[Extracted records]
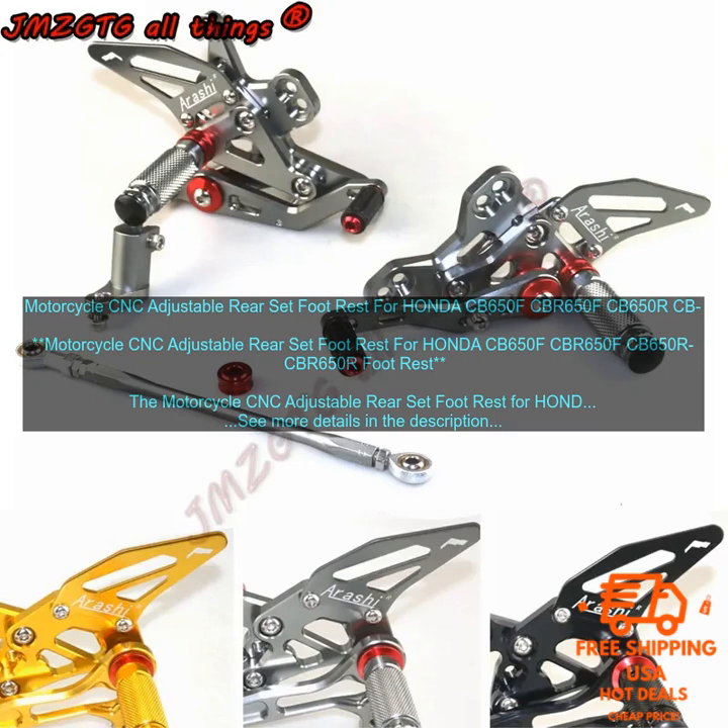The Motorcycle CNC Adjustable Rear Set Foot Rest for Honda CB650F, CBR650F, CB650R, and CBR650R is a great way to improve the ergonomics of your motorcycle.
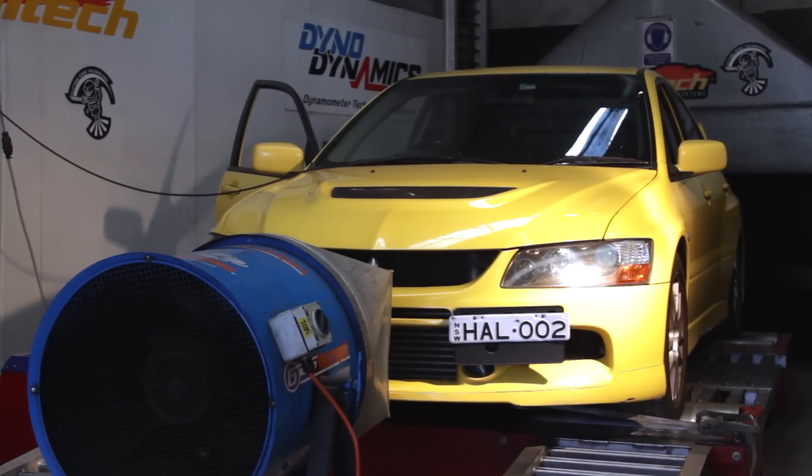Last time we took a closer look at some dyno sheets in order to compare two different engines and understand why controlling our boost in the best way possible is so important. Today we're going to run this Evo 9 on the dyno using two different methods of boost control. The first will be the equivalent of a simple mechanical boost tap, while the second will be using Haltech's closed-loop boost control and an electronic solenoid.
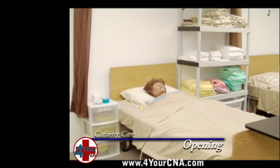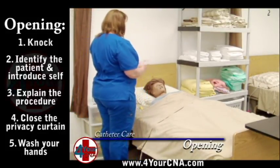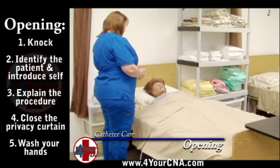This skill will be performed on the mannequin. Knock and identify your patient, introduce yourself by name and title, describe what you will be doing, and obtain permission.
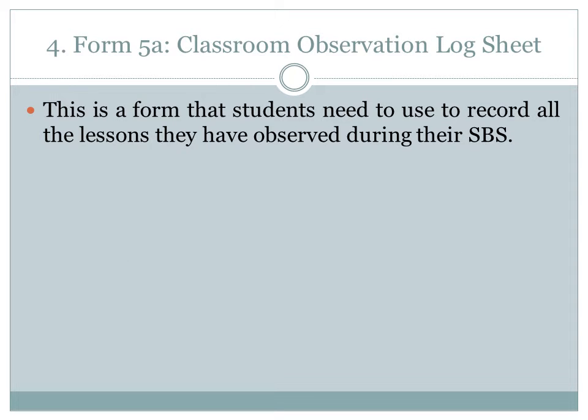Form 5a — Classroom Observation Log Sheet. This is a form that students need to use to record all the lessons they have observed during their SPS.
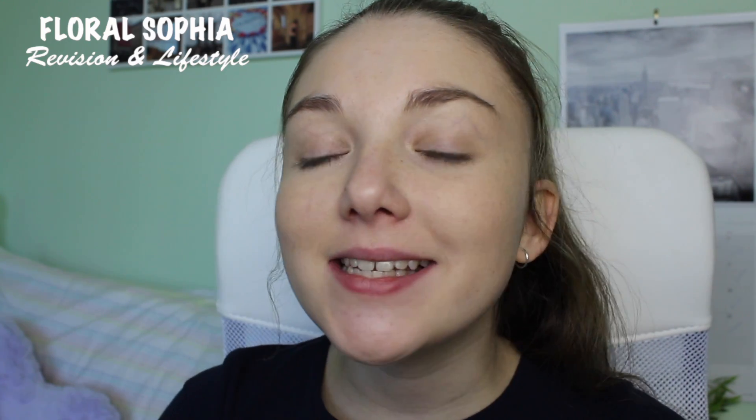Hello everyone, I'm Sophia and I'm from the YouTube channel Flora Sophia, where I make revision and study themed videos along with hauls and Q&As. Today I'm going to be talking you through my top 5 tips to prepare before the exam in terms of revision, so that as soon as you walk into that exam hall you feel so much more confident and positive.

(WHAT THE TASK ASKS) Extract, word for word, each line from the one that contains "Form 5a — Classroom" through the final line of the data above. Leave the pictures out.

(RESPONSE BOX)
Form 5a — Classroom Observation Log Sheet. This is a form that students need to use to record all the lessons they have observed during their SPS.
Hello everyone, I'm Sophia and I'm from the YouTube channel Flora Sophia, where I make revision and study themed videos along with hauls and Q&As. Today I'm going to be talking you through my top 5 tips to prepare before the exam in terms of revision, so that as soon as you walk into that exam hall you feel so much more confident and positive.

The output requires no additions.